_TASK PROMPT_: Images in the records should be skipped while the rest is transcribed verbatim.
---------------
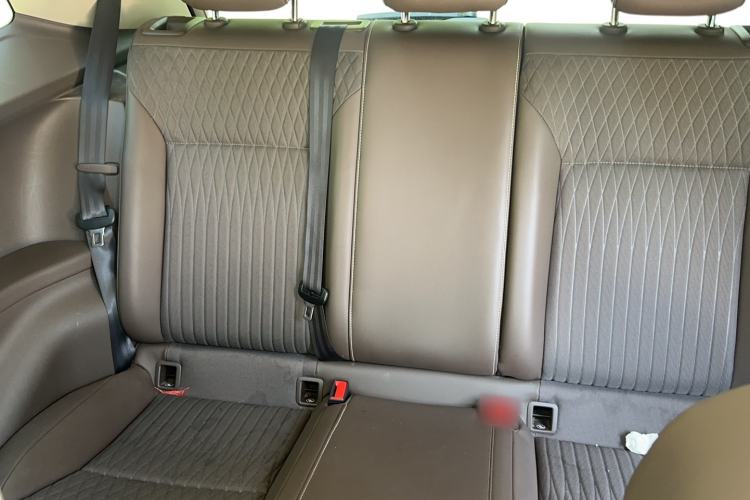 Used Volkswagen Viloran 2020 330TSI Business Edition Left Rear Seat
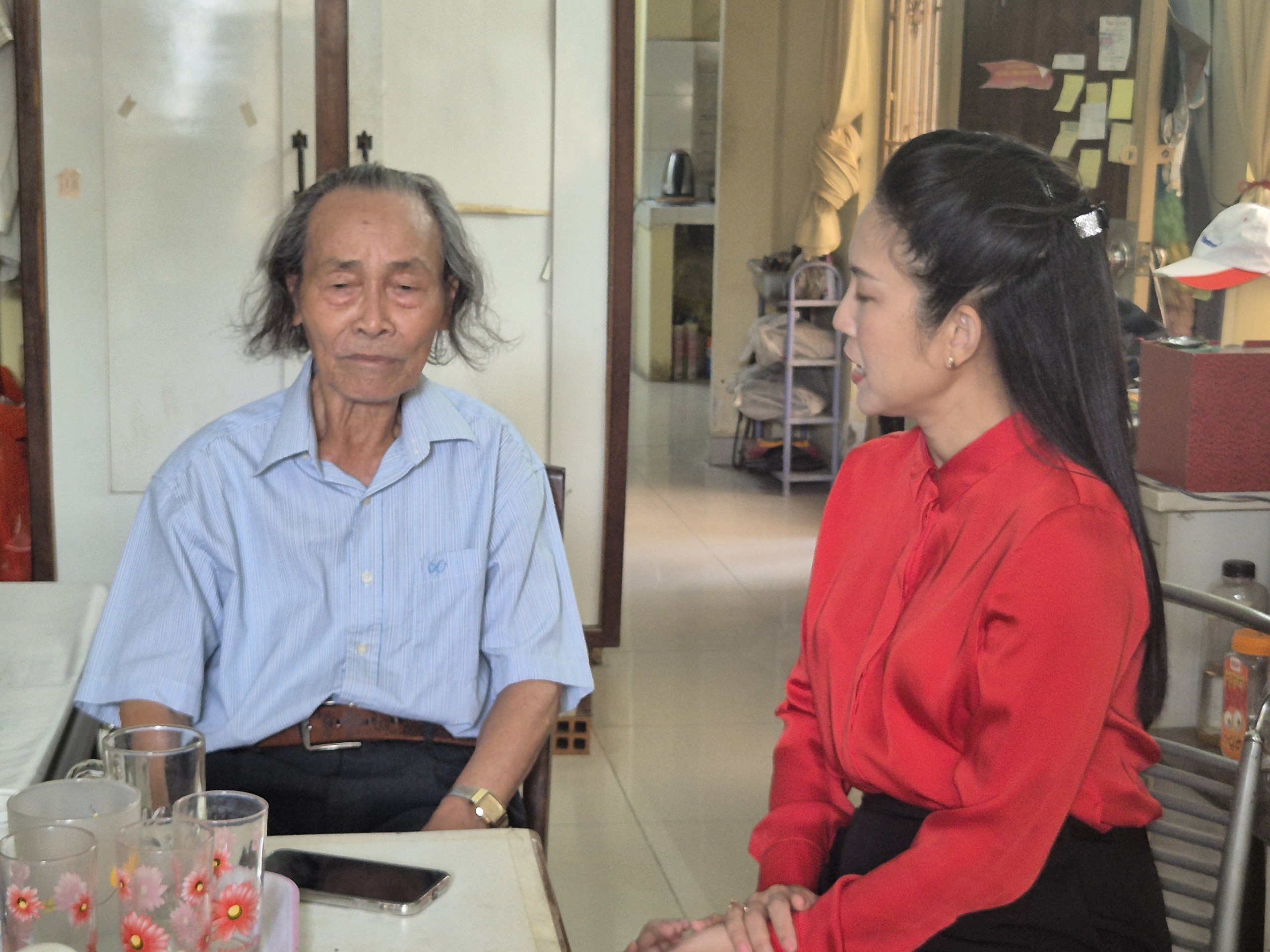 Lãnh đạo TP HCM thăm và tri ân 3 văn nghệ sĩ - Ảnh 9.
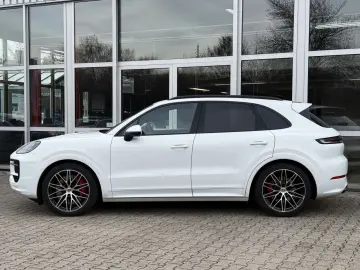 PORSCHE Cayenne S PANO STNDH LUFTF HUD 360 ACC MATRIX 21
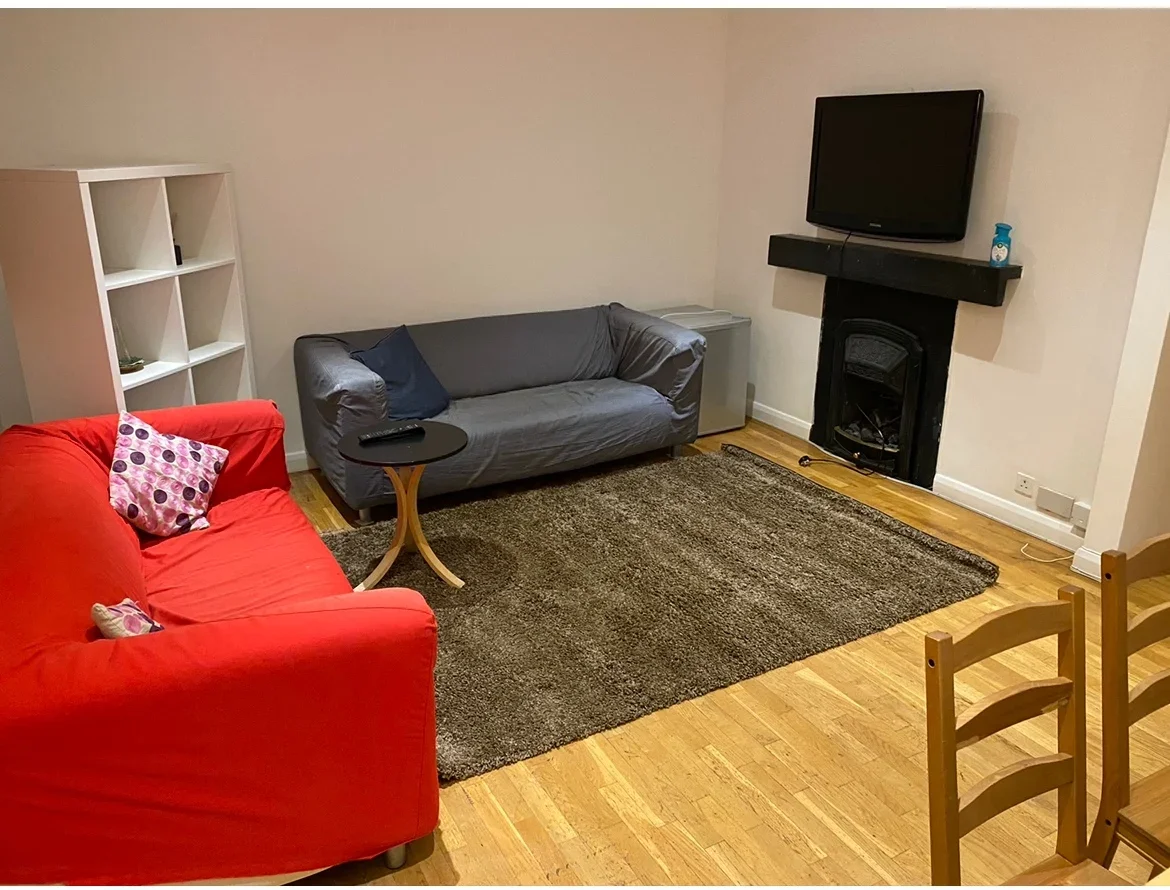 Flat Fenwick Place in Greater London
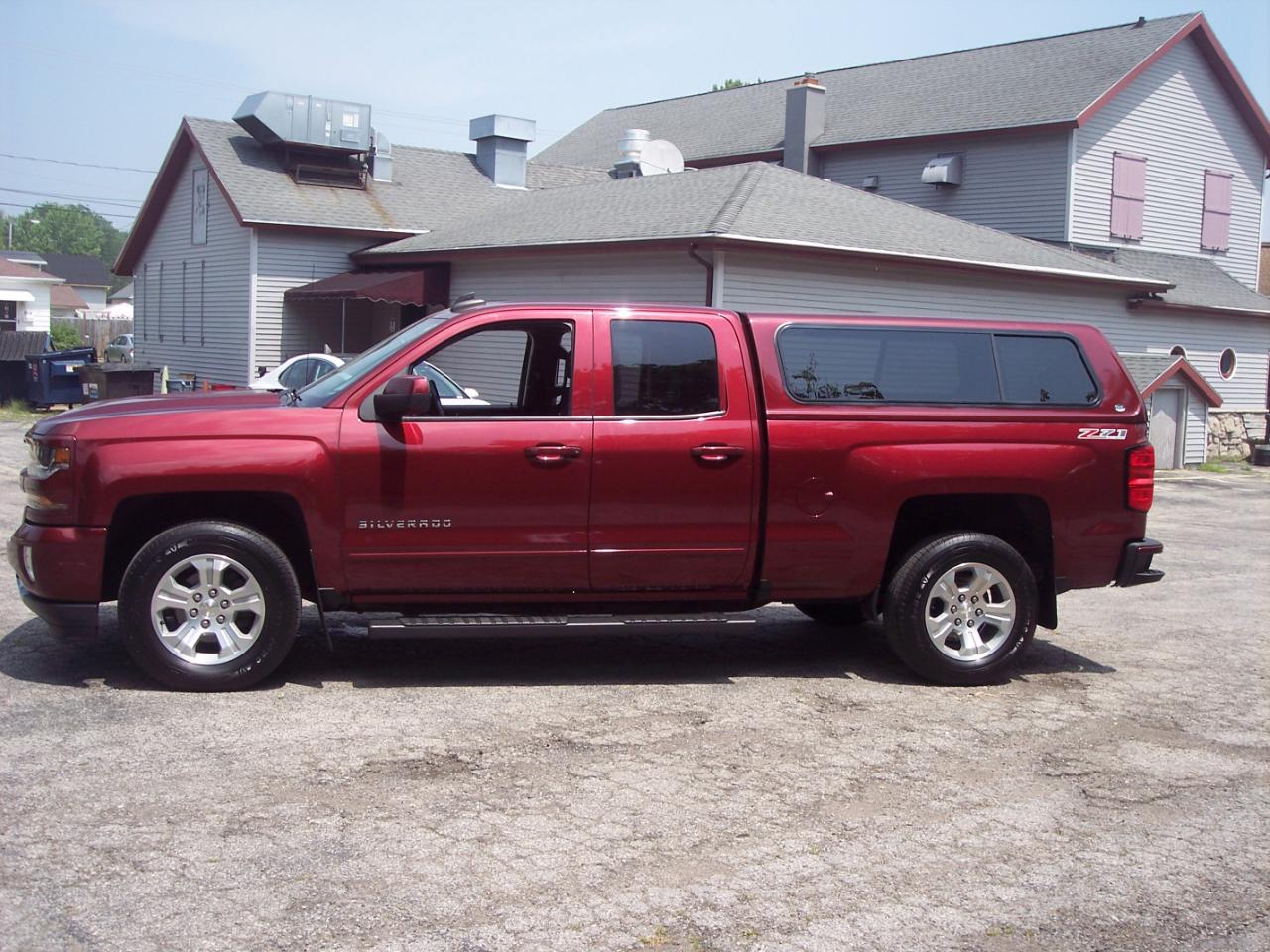 Chevrolet Silverado 1500 4WD Double Cab 143.5" LT w/2LT 2017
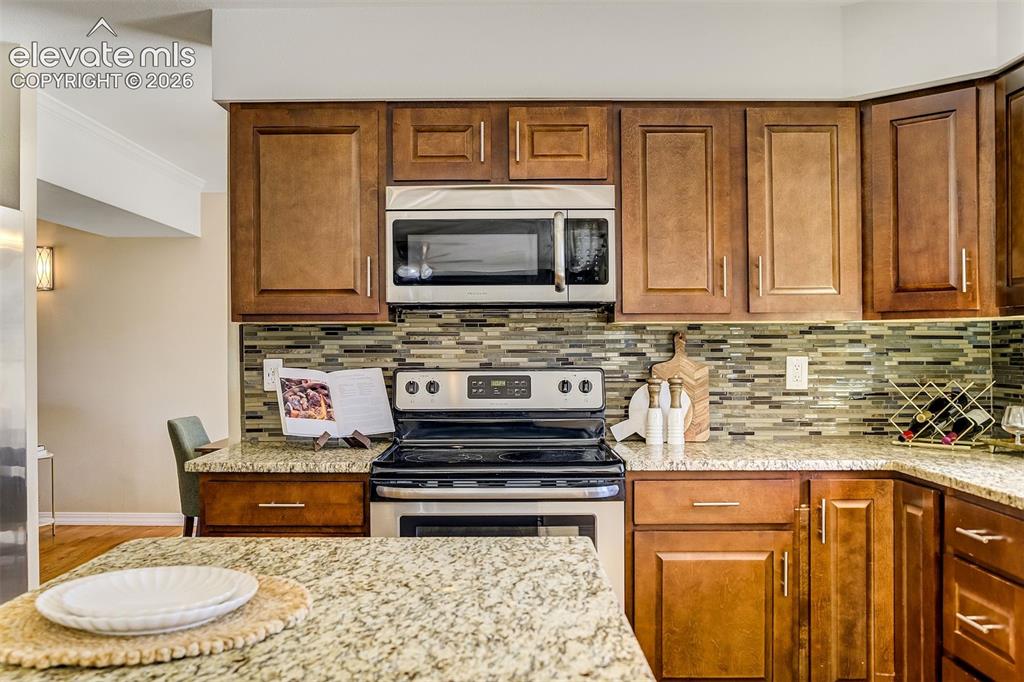 Image 14 of 50: Kitchen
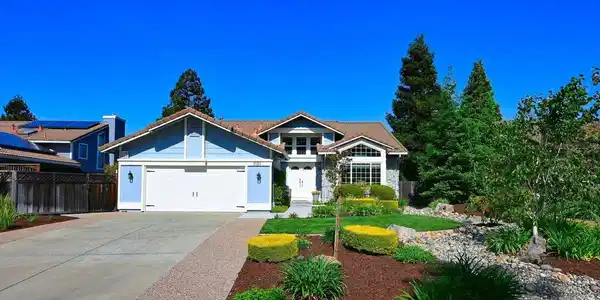 1121 Vista Point Ln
---------------
_ANSWER BOX_:
 Used Volkswagen Viloran 2020 330TSI Business Edition Left Rear Seat
 Lãnh đạo TP HCM thăm và tri ân 3 văn nghệ sĩ - Ảnh 9.
 PORSCHE Cayenne S PANO STNDH LUFTF HUD 360 ACC MATRIX 21
 Flat Fenwick Place in Greater London
 Chevrolet Silverado 1500 4WD Double Cab 143.5" LT w/2LT 2017
 Image 14 of 50: Kitchen
 1121 Vista Point Ln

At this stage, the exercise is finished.